Crawford turns in a superlative performance as the title character, a woman who leaves her husband (Bruce Bennett) and attempts to survive and support her two daughters independently. Mildred is convinced that her daughters, particularly the oldest Veda (Ann Blyth) deserve more than her unemployed husband can provide and thus is determined to do whatever is necessary to provide it for them. The eternally ungrateful Veda is mortified when her mother takes a job as a waitress, but when Mildred decides to open up her own restaurant, the family fortunes begin to surge. She is assisted by Wally Fay (Jack Carson), her husband’s former business partner, and Monte Beragon (Zachary Scott), a wealthy California heir. The restaurant becomes a huge success and Mildred begins showering lavish gifts upon Veda, particularly after her other daughter dies from illness. Along the way, she also is officially divorced from Bert and marries Monte. But her life is complicated even more as the relationship between the unappreciative Veda and her new husband becomes uncomfortably close. Monte then begins playing mother against daughter, with murderous results.

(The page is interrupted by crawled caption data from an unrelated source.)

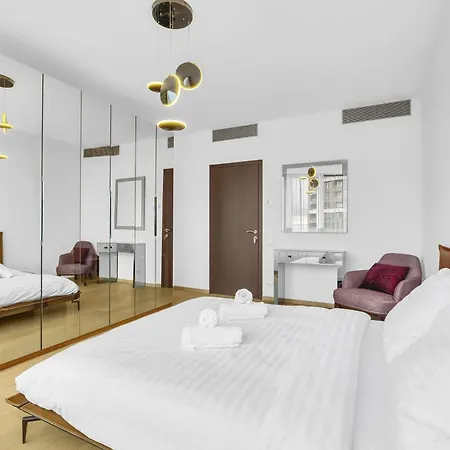 Sky Park's Modern Apartment Pressburg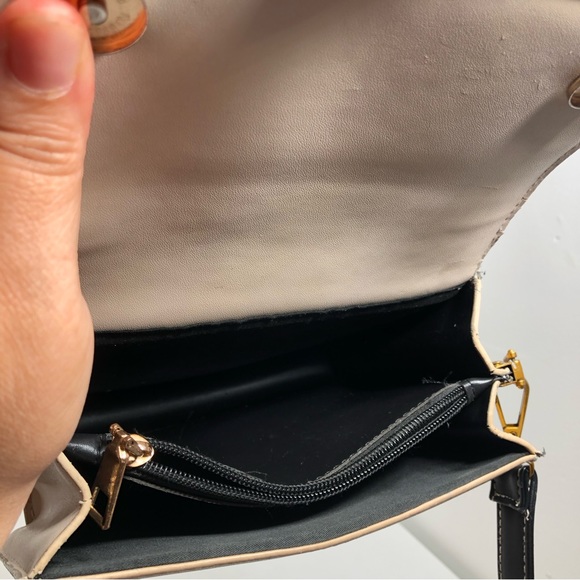 Patch Trendy Purse Clutch with Long Cross Body Strap - Picture 5 of 14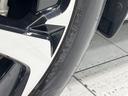 ＸＤ－ハイブリッド　エクスクルーシブモダン　サンルーフ　純正１２型ナビ　衝突軽減装置　全周囲カメラ　レーダークルーズ　電動リヤゲート　ＢＳＭ　白革調シート　ＬＥＤヘッドライト　ＥＴＣ　純正２０インチＡＷ　シートヒーター　禁煙車（68枚目）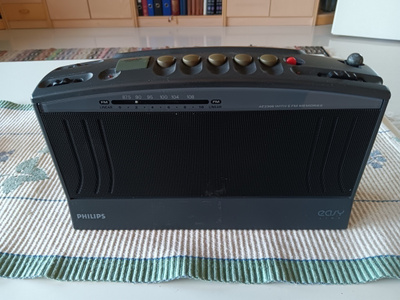 Matkaradio Philips AE2306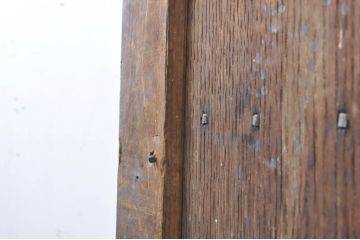アンティーク建具　栗材　ヒノキ材　裏側の鉄格子が厳格な印象を与える蔵戸1枚(引き戸、玄関戸)(R-069020)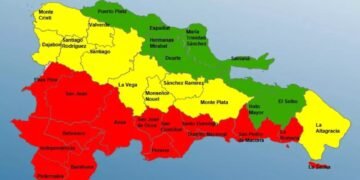 El COE coloca 32 provincias en alerta debido tormenta Franklin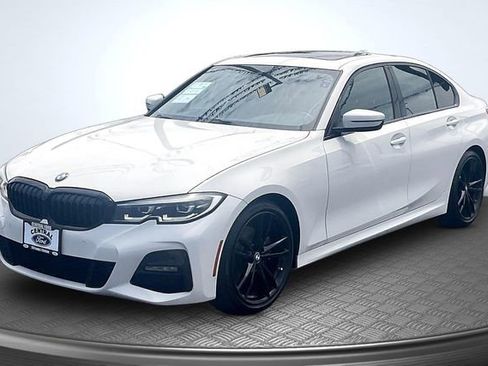 Used 2020 BMW 330i Sedan w/ M Sport Package RWD image 12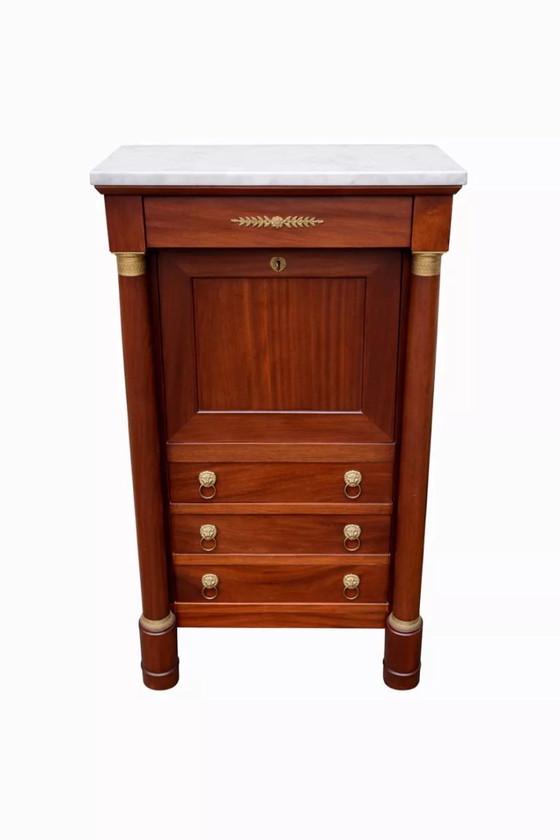 Image 1 of Scrivania in stile Impero con piano in marmo bianco, finitura mogano e ottone, 6 cassetti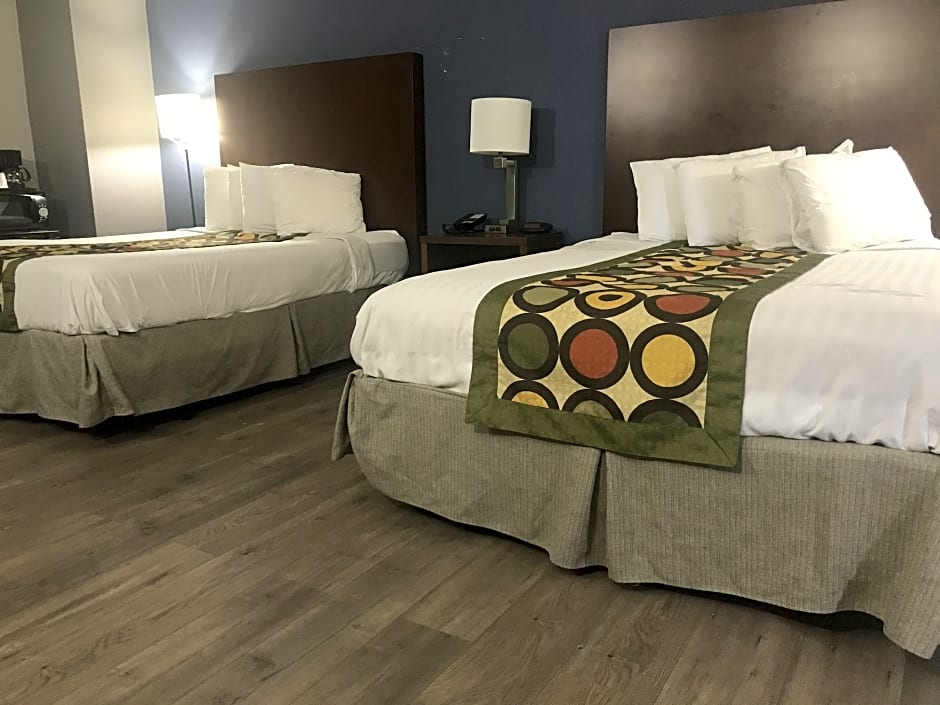 Alamar Resort Inn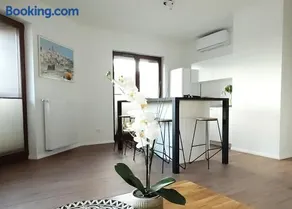 Central Port Warsaw Apartment - Image 1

As anyone who has seen the film knows, all of this is told in flashback, with Monte’s murder taking place in the opening moments. This opening sequence contains incredibly impressive photography from Ernest Haller – in fact it’s the most impressive work that I have seen from the veteran cinematographer. The beach house setting feels like it is completely isolated, cut off from everything else, and the shadows literally leap and dance across the rooms. The diagonal angle of the shadows in these scenes is intentionally disorienting and with the deft direction of the continually under-appreciated Michael Curtiz it is all the more unsettling. My love of Curtiz and his work has been well-established on this blog and while I think his two unconditional masterpieces had already been made (Angels With Dirty Faces and Casablanca), this one is just a small notch below.
But let’s not kid ourselves; as outstanding as the work of Haller and Curtiz is, there is a reason that what is most remembered about the film is Joan Crawford. She deserves the praise she gets. What convinces me of this performance’s greatness is how effective Crawford is able to make me believe that she is a woman struggling. This is a huge compliment, because when I think of Joan Crawford I picture a fiery, forceful personality. I know that this doesn’t necessarily have anything to do with the roles she chooses, but sometimes it can be hard to separate the two. As Mildred, that fierceness eventually emerges, but not before we get to watch her work her to that point after struggling and earning her way through determination and hard work. It really is a performance for the ages.
Oh, and since I routinely give short shrift to scores and composers, don’t overlook the contribution of the legendary Max Steiner. It’s not his best, but it certainly adds to the film.